The second is that we really felt the absence of Isobel especially as we had such fun on the water together, though goodness knows how I would have had any chance of supporting them both.

It was a mistake to try to support and take photographs and video at the same time and I ended-up doing a poor job of both. The pictures are not great and I neglected my responsibility on the support front. For Waterside C, I have enlisted the help of my son Chazz to take pictures so I can devote all my attention to Megan (loud groan is heard from somewhere in deepest Cornwall!)

I also forgot to look after myself. The weather was warm and after two and half hours on the bike with no fluid and no food, I paid the price in terms of recovery for two days following. What a fool, especially after all those wise words and planning for nutrition and fluid intake. No excuses, I just got carried away with the event and simply forgot. I can’t afford to make the same mistake on DW.

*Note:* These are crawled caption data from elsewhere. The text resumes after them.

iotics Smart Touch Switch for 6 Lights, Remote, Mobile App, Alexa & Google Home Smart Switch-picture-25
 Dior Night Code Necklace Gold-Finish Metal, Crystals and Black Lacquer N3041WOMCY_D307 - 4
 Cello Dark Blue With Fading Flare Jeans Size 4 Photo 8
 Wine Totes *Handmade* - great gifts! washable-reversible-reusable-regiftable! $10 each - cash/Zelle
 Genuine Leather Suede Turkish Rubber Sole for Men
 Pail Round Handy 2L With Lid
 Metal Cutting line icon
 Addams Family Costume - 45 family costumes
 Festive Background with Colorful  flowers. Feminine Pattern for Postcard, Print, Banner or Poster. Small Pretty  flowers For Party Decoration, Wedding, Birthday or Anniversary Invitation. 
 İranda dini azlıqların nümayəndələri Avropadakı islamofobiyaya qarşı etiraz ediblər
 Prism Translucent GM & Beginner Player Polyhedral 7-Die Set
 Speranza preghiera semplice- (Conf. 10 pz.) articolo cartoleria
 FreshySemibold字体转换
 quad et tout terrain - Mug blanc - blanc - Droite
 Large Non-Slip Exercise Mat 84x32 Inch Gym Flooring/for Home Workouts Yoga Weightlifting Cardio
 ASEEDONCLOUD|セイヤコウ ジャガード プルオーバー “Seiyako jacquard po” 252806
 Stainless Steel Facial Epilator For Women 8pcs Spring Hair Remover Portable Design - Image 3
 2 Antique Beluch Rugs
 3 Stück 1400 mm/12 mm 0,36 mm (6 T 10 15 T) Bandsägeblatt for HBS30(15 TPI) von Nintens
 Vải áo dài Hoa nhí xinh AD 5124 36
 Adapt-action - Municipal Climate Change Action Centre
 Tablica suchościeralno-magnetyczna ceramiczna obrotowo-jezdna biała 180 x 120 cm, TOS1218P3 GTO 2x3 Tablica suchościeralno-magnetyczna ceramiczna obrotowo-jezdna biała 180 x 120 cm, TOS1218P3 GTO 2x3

I was a little over-protective when a fast K2 approached Megan from behind and I “reminded” them to kindly offer a courteous warning in future. Megan assured me that everything was under control and to but-out! Couldn’t help myself there, Megan is younger than my own daughter and maybe it was instinctive. However, lesson learnt and I will seethe in silence next time.

Even though Megan was super-fast over the portages, there is one area we can improve on and that is getting back in. The Darkness has a thwart in front of the paddler specifically positioned to hold on to when raising and lowering on to the seat. I’ve even covered it with cycle handlebar tape for comfort and grip. I will remind her to use it and help make re-embarkation even slicker.



We also made a mistake at one of the portages and got back in next to the inflow. The force of the water pushed the back of the boat out and there’s a limit to the size of gap that one can bridge!

Mind the gap!

Mind the gap!

For someone who has had very little sit&switch paddling experience, she has a fluid and efficient style. However there is always room for improvement and one small area is the position of the paddle blade at the end of the switch. If it is further forward it is immediately ready for the next stroke, rather than forcing it forward and then making the catch.
Push the paddle forward, ready to catch.

Push the paddle forward, ready to catch.

“The aggregation of marginal gains” Sir Dave Brailsford would be so proud!

We need to crack the feeding issue; a girl has got to eat. Now I’ve delegated my responsibility for filming, I can concentrate on getting food into the paddler. Anything, no matter how small, just something little and often (and that especially goes for you too Isobel!! 🙂 )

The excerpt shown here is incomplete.